Chemistry - Column order, signs of MO coefficients, and density matrix construction in Hartree-Fock

Solution 1:

In the future, this should really be two separate questions, but I will try and tackle both.

MO coefficient column ordering and signs

The electronic energy is invariant to orbital swapping within subspaces. If you interchange one occupied orbital with another, the total energy of a molecular won't change. The same goes for virtual-virtual. Now, you know that the MO coefficients are by convention shaped as $C_{\mu i}$, where the rows are the AOs and the columns are the MOs. What this means is that for $\ce{H2O}$ in a STO-3G basis, where there are 7 AOs forming 7 MOs where 5 are doubly-occupied and 2 unoccupied, switching the order of the first 5 columns should not change the electronic energy. The same goes for the final 2 columns.

As you say, the $\epsilon_i$ follow the same ordering as the columns in $C_{\mu i}$; this is because they are the matching eigenvalues and eigenvectors from diagonalizing the Fock operator. The eigenvectors are not going to be affected by a sign change, which doesn't change how the space is spanned.

Regarding why the ordering is not what you expect, there is no guarantee made by NumPy or the underlying LAPACK routine DGEEV that the results will be sorted, just that the vector/value pairs will be in the same order. If you want to sort the results, you can use argsort:

idx = energies.argsort()
energies = energies[idx]
eigvecs = eigvecs[:, idx]

Make sure the ordering of the MO energies is maintained along with the ordering of the MO coefficient matrix columns.

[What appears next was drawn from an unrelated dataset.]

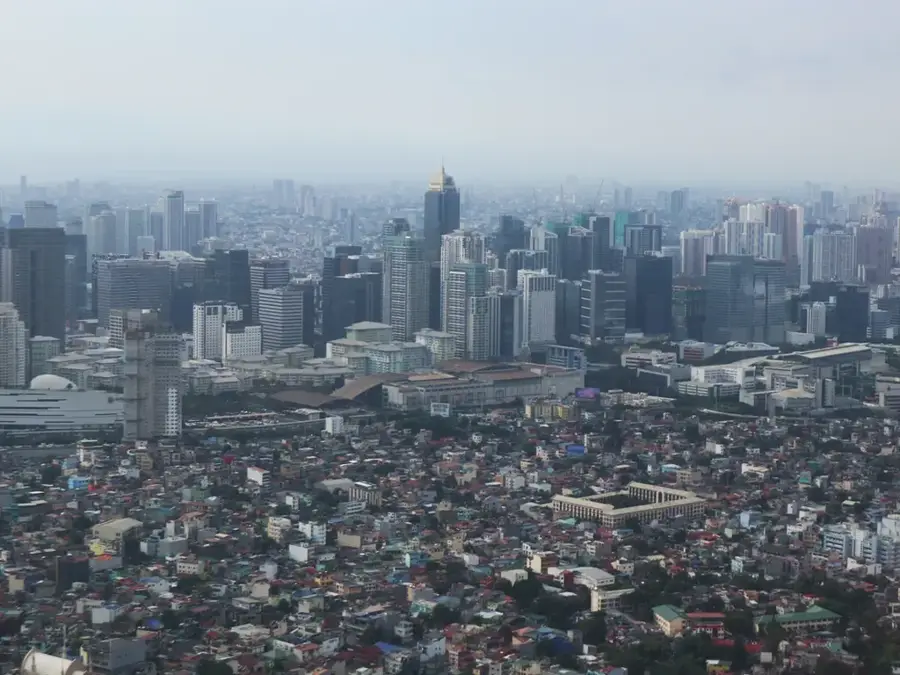 Bonifacio Global City — Manila Ocean Park (Philippines)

Constructing the density matrix

This is a very irritating difference in convention among many sources. See later, for calculating the electronic part of the dipole moment:

$$ \left<\vec{\mu}\right> = 2 \sum_{\mu\nu} D_{\mu\nu} \left< \phi_{\mu} | \hat{\mu} | \phi_{\nu} \right>, $$ ...

2. The factor 2 appearing above arises because the definition of the density used in this project differs from that used in Szabo & Ostlund.

This can also have an effect on whether or not there is a 1/2 in front of the $2J - K$ portion of the Fock operator.

Solution 2:

For your first question: since (if $A x = \lambda x$)

$$A (- x) = - A x = - (\lambda x) = \lambda (- x)\text{,}$$

an eigenvalue with sign flipped is still an eigenvalue. (In fact, in linear algebra, any multiplicative constant would be fine, but since we are interested in normalised states this reduces to $\pm 1$).

So no problem not matching signs.

For your second question: you're mixing stuff. Your first equation sums

$$\sum_m^{occ}$$

which means 10 terms in your case. Since every $\alpha$ spin-orbital contributes the same as another spatially-matching $\beta$ spin-orbital, you end up summing 10 terms in which each two are numerically the same.

Your second equation sums

$$2 \sum_m^{N/2}$$

which simply avoids this double counting: you sum 5 terms, each being twice the values in the last sum.